Élément de réflexion : dans un contexte autochtone les droits collectifs, la complémentarité homme/femme et humain/nature, la question de l’harmonie doivent faire partie de la réflexion. Ces principes vont également influencer la construction de la problématique.
en abordant une recherche sur l’identité nous avons des idées ou des positions déjà bien précises: l’identité autochtone telle que décrite dans la Loi sur les Indiens est une expression du colonialisme canadien et n’est pas nécessairement représentative de la perception historique et culturelle qu’en ont les femmes autochtones. Dans une perspective de décolonisation, nous chercherons en quoi les deux perspectives se distinguent.

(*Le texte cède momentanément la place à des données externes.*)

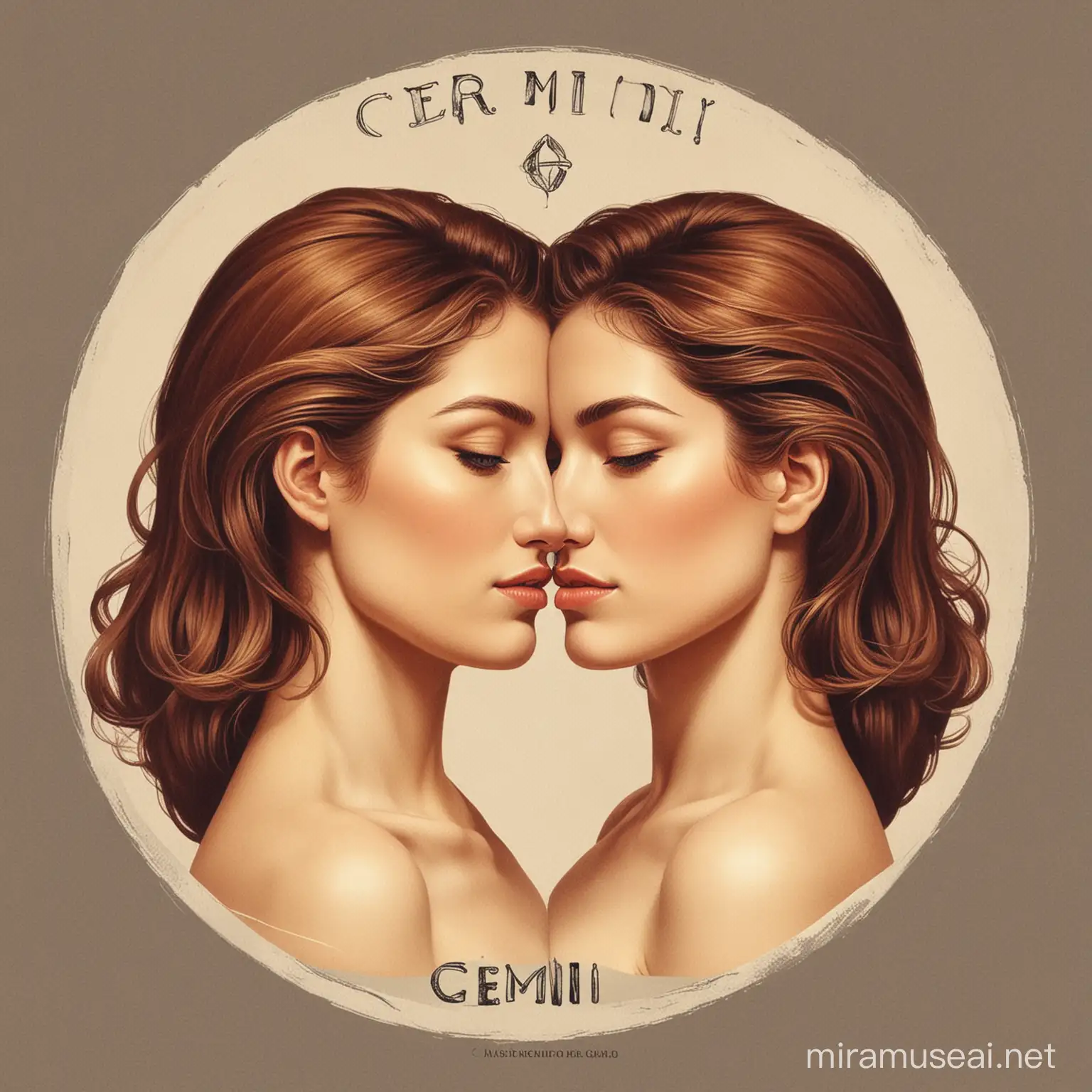 Gemini Woman with Celestial Aura and Twin Symbol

Tous les chercheurs ne se situent pas dans cette perspective de décolonisation. D’autres pourraient avoir d’autres positions qui les amèneraient à sélectionner et à comprendre les informations recueillies de façon différente. Toutefois, si des chercheurs prenaient pour acquis que l’identité des femmes autochtones est celle définie par la Loi sur les Indiens il est probable qu’ils ne poseraient pas la question : comment les femmes autochtones définissent-elles leur identité? Il y a souvent un lien entre la façon de poser la question et les positions ou partis pris.
Une fois terminé le travail de définition de la question de recherche, de réflexion sur la problématique et de réaffirmation des principes devant guider la recherche, il est temps d’identifier quelle méthodologie servira le mieux le processus de recherche, de procéder à la cueillette des données, à leur analyse et à la diffusion des résultats. Ces dernières étapes font l’objet de fiches séparées.